2. Translate the above C code to this high level parallel programming notation!

   main()
   {
           int p1[2], p2[2], pid, cc, buf[1];
           pipe(p1);  pipe(p2);  buf[0] = 0;
           cc = write( p1[1], buf, 4 );
           cc = write( 1, "pre-fork\n", 9 );
           cobegin
                   while (buf[0] < 4) {
                           cc = read( p2[0], buf, 4 );
                           cc = write( 1, "parent\n", 7 );
                           buf[0]++; cc = write( p1[1], buf, 4 );
                   };
                   while (buf[0] < 4) {
                           cc = read( p1[0], buf, 4 );
                           cc = write( 1, "child\n", 6 );
                           buf[0]++; cc = write( p2[1], buf, 4 );
                   }
           coend;
   }
   

3. If you rewrite the above code using printf(...) instead of write(1,...) to produce output, the output is different.
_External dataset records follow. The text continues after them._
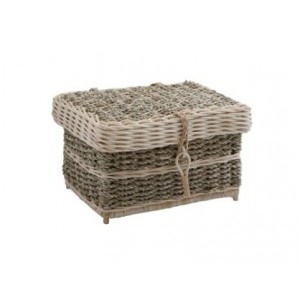 Seagrass Oblong Cremation Ashes Casket.- Low cost urn prices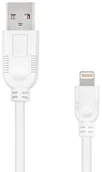 Kable USB - eXc mobile Pozostali Kabel lightning Whippy 0,9m biały odbierz w Warszawie Faktura VAT 23% Polska gwarancja MO-EC-F176 - miniaturka - grafika 1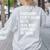 Dinosaurs Didn't Learn Math Math Teacher Women's Sweatshirt Back Print Ash Dinosaurs Didn't Learn Math Math Teacher Women's Sweatshirt Back Print Ash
Why?

   The output is not necessarily different. The code for printf behaves differently when directed to an interactive terminal or to a non-interactive file or device. When directed to a terminal, printf flushes its buffers after every output of a newline, but when directed to a non-interactive file, buffers are only flushed when they fill or are explicitly flushed. The following two example runs illustrate this difference:

   % t1
   pre-fork
   child
   parent
   child
   parent
   child
   
   % t1 | cat
   pre-fork
   child
   child
   child
   pre-fork
   parent
   parent
   

   In the second example, the un-flushed buffer was copied and given to both processes when the fork was done, and then each added its own output. The buffers were only flushed when the process terminated, and since the parent waited for the child to terminate, the child's buffer was output first.

4. If you rewrite the above code using fdopen() to convert each file descriptor to a stream, and then use the more common fprintf() and fscanf() routines instead of using read() and write on the two ends of the pipe, what change in behavior would you expect.
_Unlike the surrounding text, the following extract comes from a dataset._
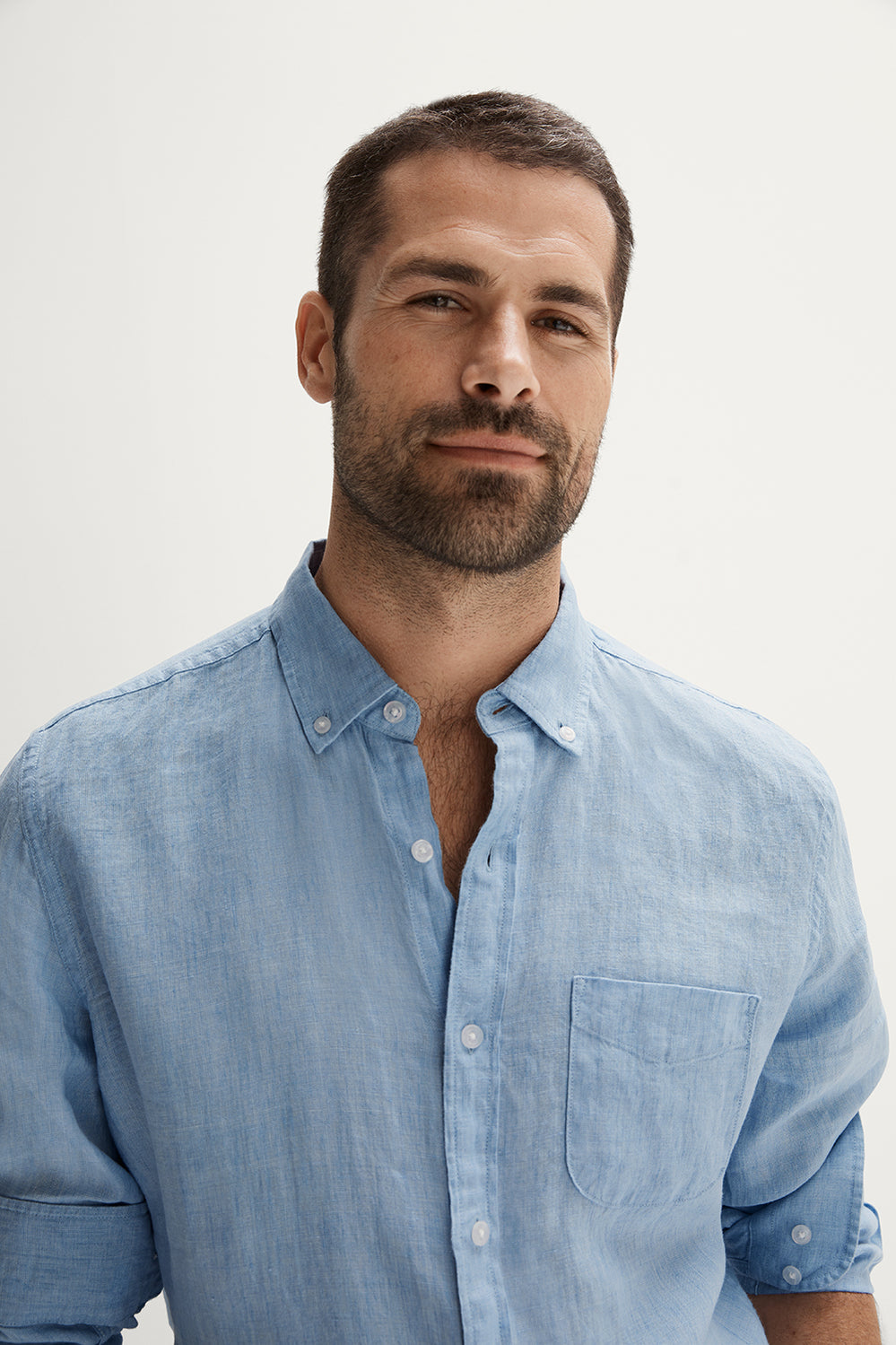 Regular Fit Delave Linen Long Sleeve Shirt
   I expect a deadlock. The reason is that streams are buffered until some event causes the buffer to be flushed. The basic stream operations putc and getc are macros, and you can inspect the code involved in doing the buffer flushing in the include file stdio.h.
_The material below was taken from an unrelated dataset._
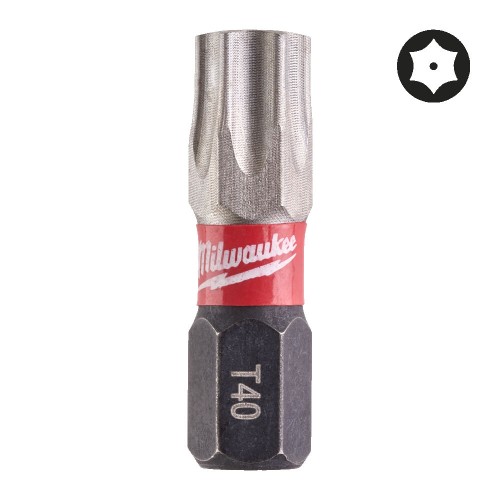 Біта SHOCKWAVE MILWAUKEE, TX BO40, 25мм, (2шт) (заміна на 4932500377)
   Merely opening the streams poses problems, because some versions of fdopen may do a preliminary read to fill the buffer, causing the deadlock to emerge even before any explicit reads or writes have been performed. Thus, only the parent's output stream should be opened prior to the fork, and the child should open its streams after the fork.

   With this precaution, the deadlock emerges after the fork, and this should be resolved with the insertion of an fflush operation after each fprintf. Unfortunately, even this does not solve the problem, and most UNIX implementors don't provide workable solutions, but instead suggest that programs that use pipes should use read and write instead of the higher level stream primitives.